Determination of the influence of the variation of reducing and non-reducing sugars on coffee quality with use of artificial neural network

Detalhes bibliográficos
Autor(a) principal: Messias,José A. T.
Data de Publicação: 2012
Outros Autores: Melo,Evandro de C., Lacerda Filho,Adílio F. de, Braga,José L., Cecon,Paulo R.
Tipo de documento: Artigo
Idioma: eng
Título da fonte: Engenharia Agrícola
Texto Completo: http://old.scielo.br/scielo.php?script=sci_arttext&pid=S0100-69162012000200015
Resumo: The present study aimed at evaluating the use of Artificial Neural Network to correlate the values resulting from chemical analyses of samples of coffee with the values of their sensory analyses.
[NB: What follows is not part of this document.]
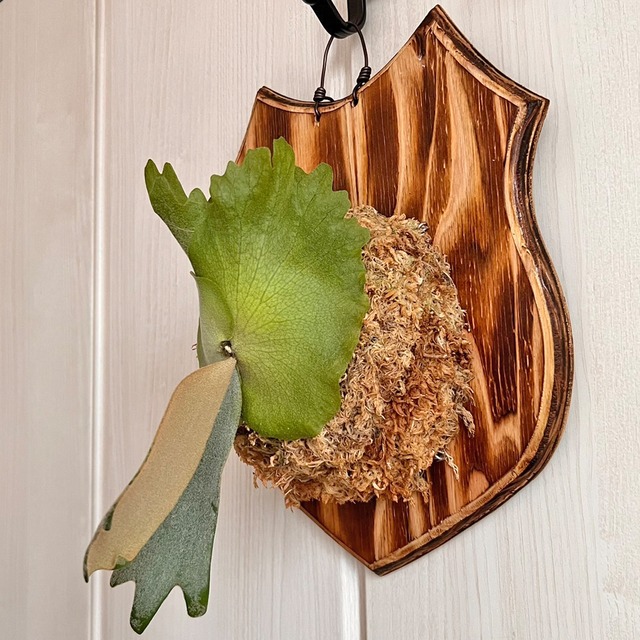 ビカクシダ ウィリンキー 板付 【観葉植物 室内 コウモリラン】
The coffee samples used were from the Coffea arabica L., cultivars Acaiá do Cerrado, Topázio, Acaiá 474-19 and Bourbon, collected in the southern region of the state of Minas Gerais. The chemical analyses were carried out for reducing and non-reducing sugars. The quality of the beverage was evaluated by sensory analysis. The Artificial Neural Network method used values from chemical analyses as input variables and values from sensory analysis as output values. The multiple linear regression of sensory analysis values, according to the values from chemical analyses, presented a determination coefficient of 0.3106, while the Artificial Neural Network achieved a level of 80.00% of success in the classification of values from the sensory analysis.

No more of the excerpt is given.